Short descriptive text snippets
▽

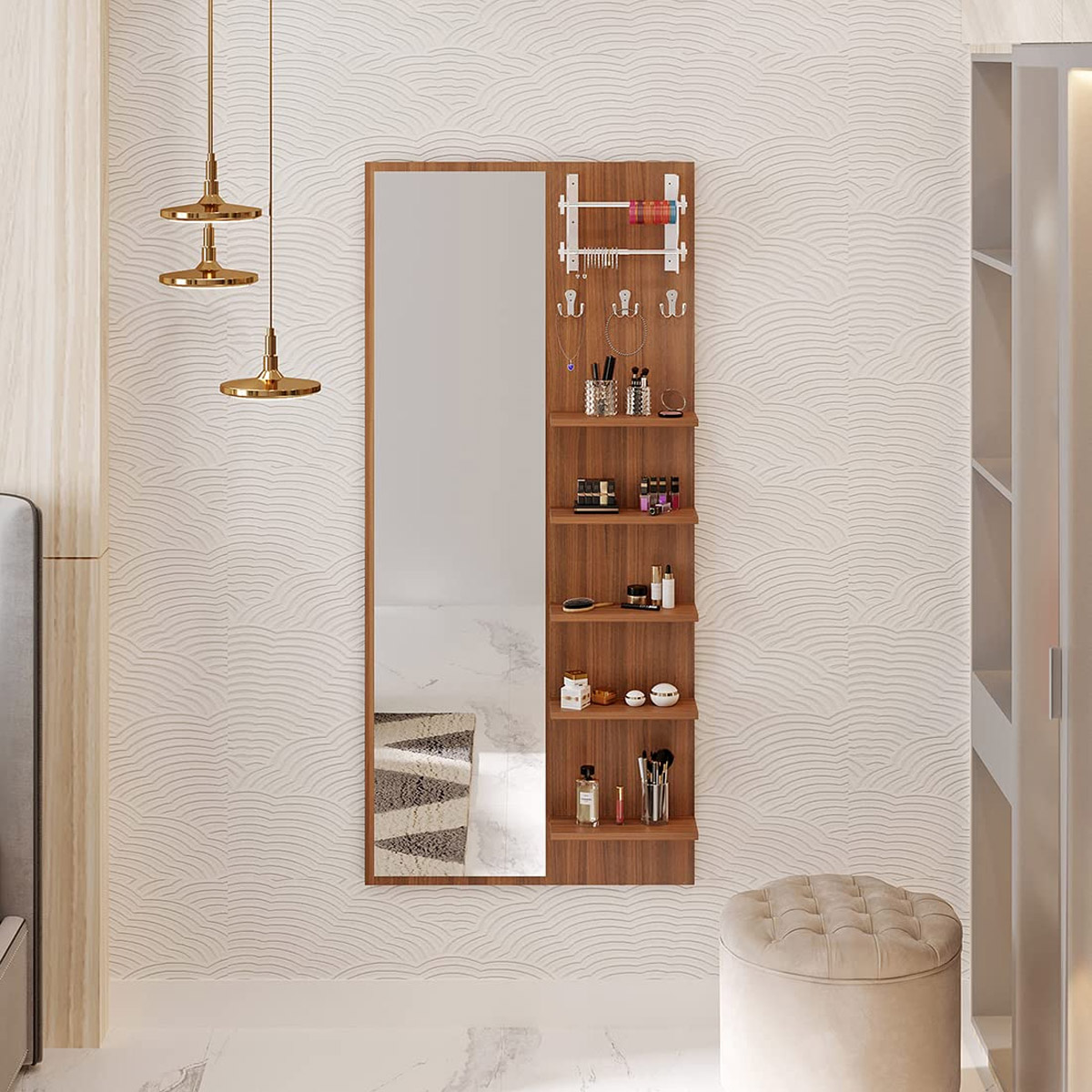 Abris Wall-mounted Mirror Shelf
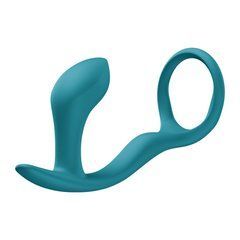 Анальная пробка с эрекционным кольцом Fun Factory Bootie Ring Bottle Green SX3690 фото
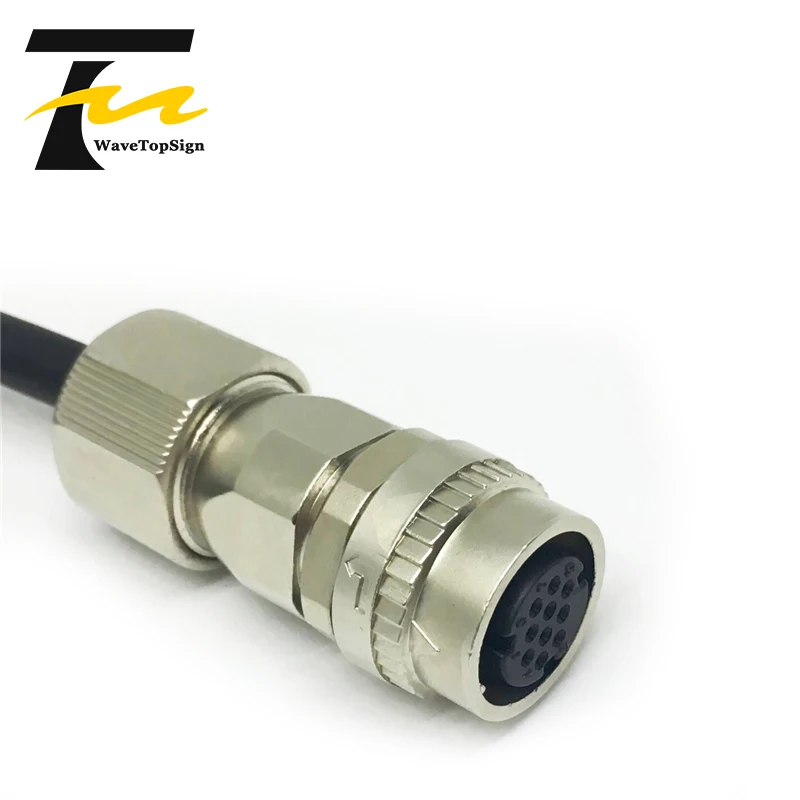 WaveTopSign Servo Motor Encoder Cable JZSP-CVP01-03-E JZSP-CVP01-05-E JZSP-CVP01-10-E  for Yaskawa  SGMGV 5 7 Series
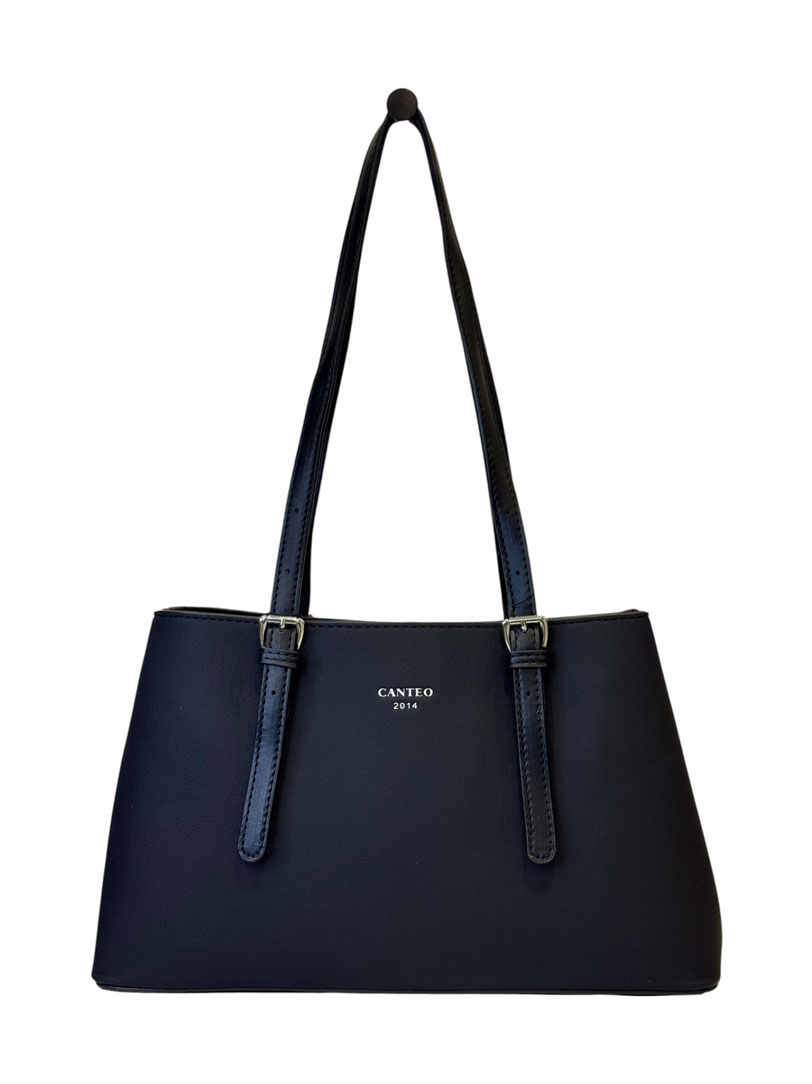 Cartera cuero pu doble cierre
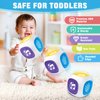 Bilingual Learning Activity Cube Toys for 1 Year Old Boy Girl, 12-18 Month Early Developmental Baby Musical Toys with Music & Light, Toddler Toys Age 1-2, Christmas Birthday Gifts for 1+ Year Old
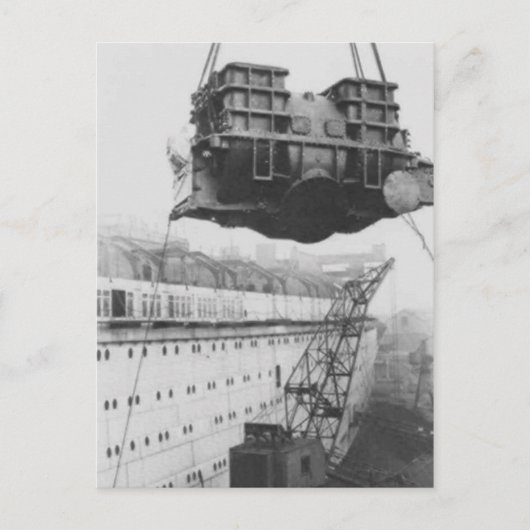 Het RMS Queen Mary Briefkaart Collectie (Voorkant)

△

§ Exercise
A verbatim copy of every entry above, with no pictures, is the expected output.

§ Output of the exercise
 Abris Wall-mounted Mirror Shelf
 Анальная пробка с эрекционным кольцом Fun Factory Bootie Ring Bottle Green SX3690 фото
 WaveTopSign Servo Motor Encoder Cable JZSP-CVP01-03-E JZSP-CVP01-05-E JZSP-CVP01-10-E  for Yaskawa  SGMGV 5 7 Series
 Cartera cuero pu doble cierre
 Bilingual Learning Activity Cube Toys for 1 Year Old Boy Girl, 12-18 Month Early Developmental Baby Musical Toys with Music & Light, Toddler Toys Age 1-2, Christmas Birthday Gifts for 1+ Year Old
 Het RMS Queen Mary Briefkaart Collectie (Voorkant)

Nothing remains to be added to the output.